## Raw data
--
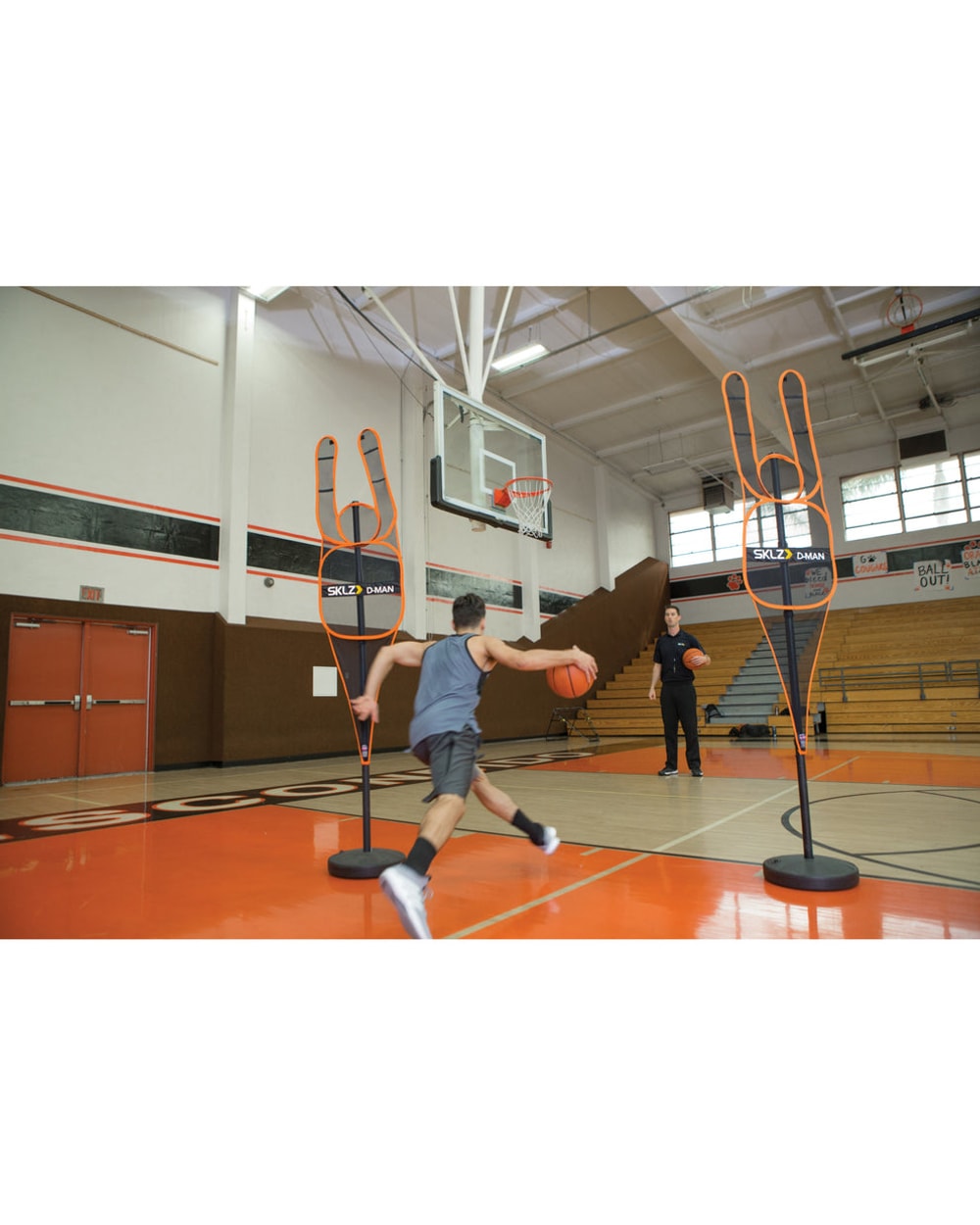 D-Man Basketball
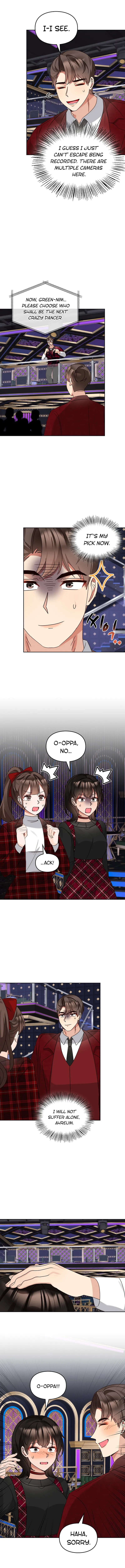 I Become a fool when it comes to my Daughter Chapter 154 Online - página 3
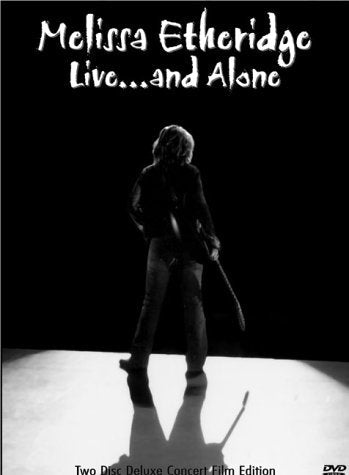 Melissa Etheridge - Live... and Alone (Two-Disc Deluxe Edition) [DVD] used book depot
--
## Exercise goal
The data is to be restated word for word, with any pictures set aside.

## Exercise output
 D-Man Basketball
 I Become a fool when it comes to my Daughter Chapter 154 Online - página 3
 Melissa Etheridge - Live... and Alone (Two-Disc Deluxe Edition) [DVD] used book depot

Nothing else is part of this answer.